A less memorable character than in Shakespeare, Juliette’s nurse Gertrude bustled about (which Eve Gigliotti did with good humor), while Alfred Walker’s vibrant Frère Laurent made a stronger impact in that crucial role than is often the case. Turning the rejected Paris into a swishy goof did neither Daniel Rich nor the audience any favors.

French tenor Bernheim returned to the Met as Roméo after his successful debut last season as the Duke in Rigoletto. Gounod’s subtler hero proved an even more congenial fit for the stylish performer whose dreamy lover fell instantly for Juliette the moment he spied her at the ball. His hypnotically besotted “Ah, Lève-toi, soleil” sung to Juliette’s window gave notice that his was no fleeting infatuation.
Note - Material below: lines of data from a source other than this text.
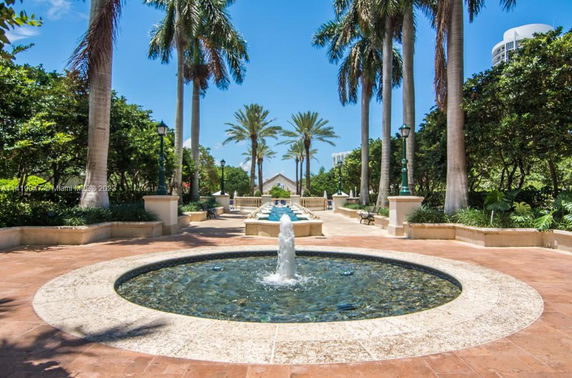 Fountain area with palm trees and benches.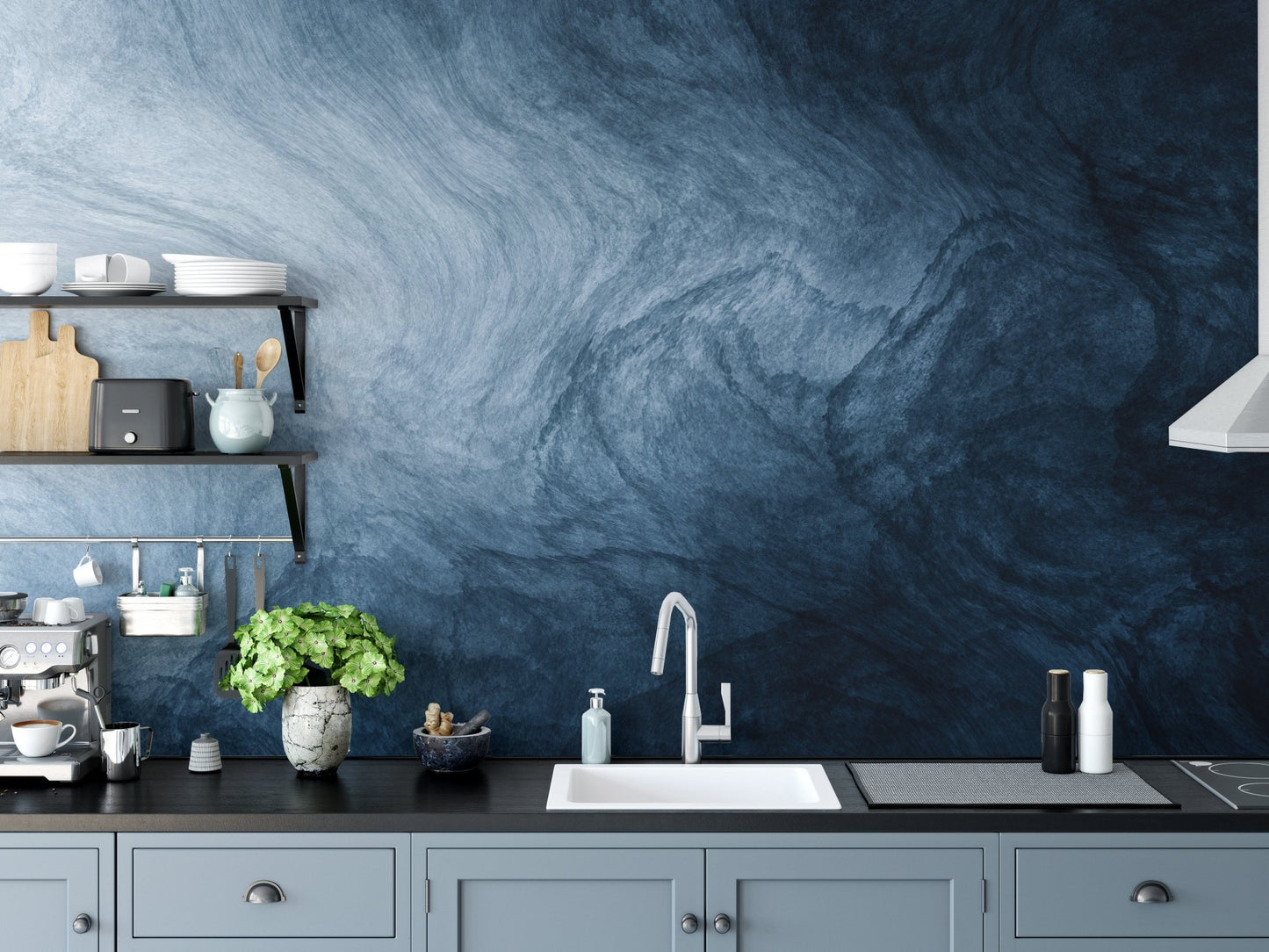 Fluid marble pattern wallpaper behind a contemporary kitchen counter.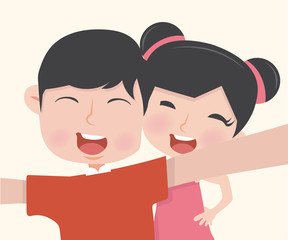 boy and girl taking a selfie photo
Bernheim deemphasized the fiery temperamental side of Roméo, so his efficient killing of Tybalt scarcely registered. Though he amply demonstrated his skill at big forte high notes, he relished his frequent opportunities to softly pine for Juliette. He wholeheartedly embraced the hero’s romantic nature: rarely has a tenor appeared so in love with his soprano! But who could blame him when Sierra’s breathtaking Juliette was completely irresistible?

The heroine’s role includes a demanding virtuosic aria near the opera’s beginning while the remainder of her music requires more expansive, lyrical qualities. Juliette’s coloratura aria “Je veux vivre” found Sierra in frantic form; Sher has her prance about with girlish enthusiasm, which may have caused her to be less at ease in her florid frills. But from then on, as Juliette rapidly matured, and Sierra’s refulgent soprano blossomed

Her striking “Potion (or Poison) aria” during which Juliette makes up her mind to drink the sleeping draught offered to her by Frère Laurent used to always be omitted by sopranos at the Met. Sierra made cutting it unthinkable now as her stunningly committed rendition elicited a long and loud ovation. Her voice, throbbing with resolve, effortlessly filled the huge opera house.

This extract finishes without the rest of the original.